MANILA, Philippines — The Philippines’ trade deficit persisted in August, the government’s statistics agency reported Wednesday, after exports’ sluggish performance failed to match imports’ accelerated growth pace.

The country's trade deficit stayed above $3 billion for five consecutive months to reach $3.513 billion in August from $3.546 billion shortfall posted in July. In August 2017, the trade gap was at $2.74 billion.

The Philippines has been incurring wide trade gaps since last year, as President Rodrigo Duterte pursues an ambitious infrastructure program that has been fuelling demand for imports of construction-related goods.
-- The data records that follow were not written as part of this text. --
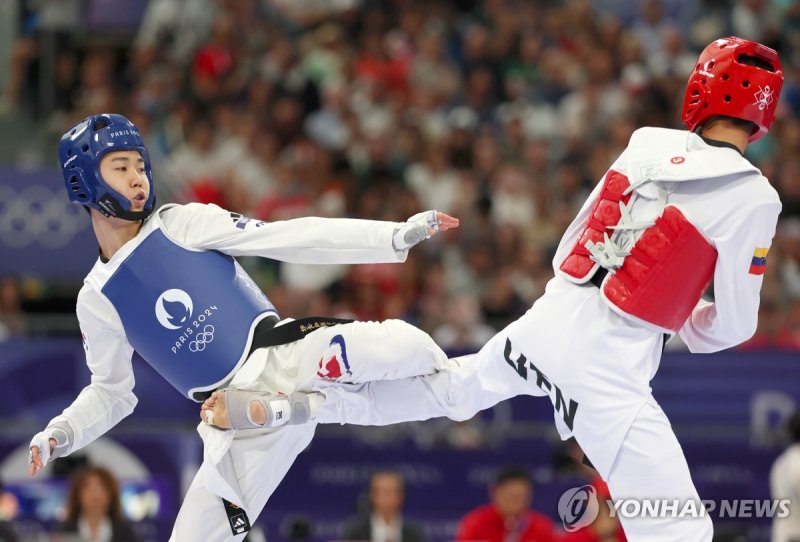 7일(현지시간) 프랑스 파리 그랑팔레 태권도경기장에서 열린 2024 파리올림픽 태권도 남자 58kg급 16강전에 출전한 한국 박태준이 베네수엘라의 요한드리 그라나도를 상대로 경기를 펼치고 있다. 연합뉴스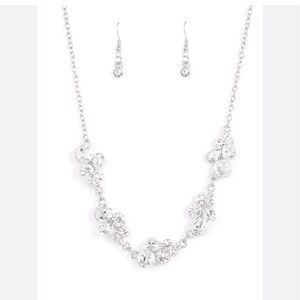 Wife of party necklace/earrings. Nwt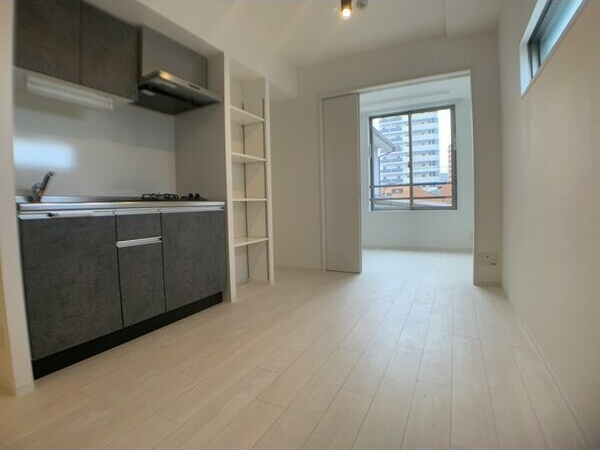 クレストタップ大曽根の居間・リビング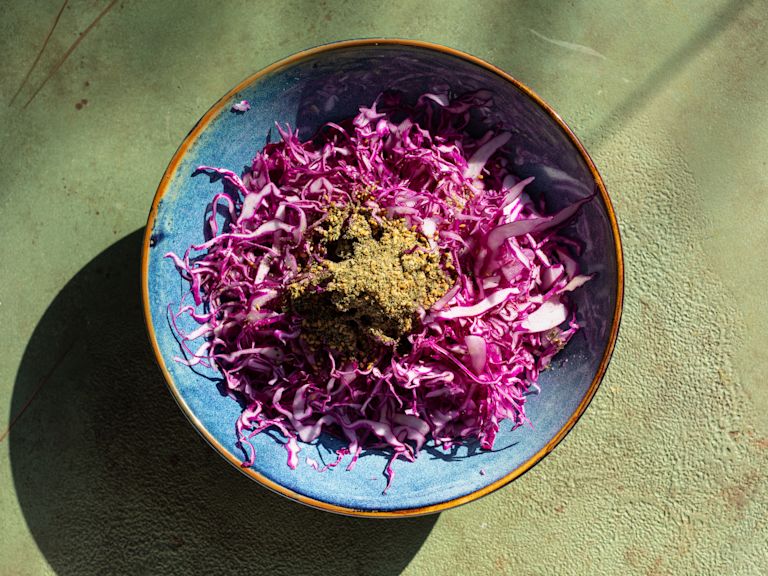 Schritt 1: Gemüse für Falafal-Wrap mit Rotkohl vorbereiten Schritt 1: Gemüse für Falafal-Wrap mit Rotkohl vorbereiten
The increasing capital goods imports due to the infrastructure boom have reversed the country’s current account surplus to a deficit, pressuring the Philippine peso.

Broken down, exports grew 3.1 percent to $6.16 billion year-on-year from $5.98 billion. Outbound shipments to Japan, a major trading partner, sagged 6.5 percent.

On the other hand, imports went up 11.0 percent to $9.68 billion from a year ago on the back of heightened purchases of electronic products, transport equipment, mineral fuels, iron and steel, among others.

The country’s economic managers have repeatedly said the sustained rise in imports will “support domestic economic expansion.” They have also assured the public that a weaker peso will boost the country’s exports.

But in the second quarter of the year, the Philippine economy slowed down to a three-year low of 6 percent, amid lackluster export growth and as policymakers fight inflation, which has been fanned by a more than 8 percent slump in the currency this year.

“Recent strong rhetoric from the central bank in response to soaring inflation and to a weakening peso could help to stem the currency's weakness and prevent the trade gap from widening further,” said Nicholas Mapa, senior economist at ING Bank N.V.

“But exports will need to rebound in the coming months to truly make some headway. The prognosis is for the current account to remain in the red, exerting further pressure on the local unit despite [the Bangko Sentral ng Pilipinas’] already very hawkish stance,” Mapa added.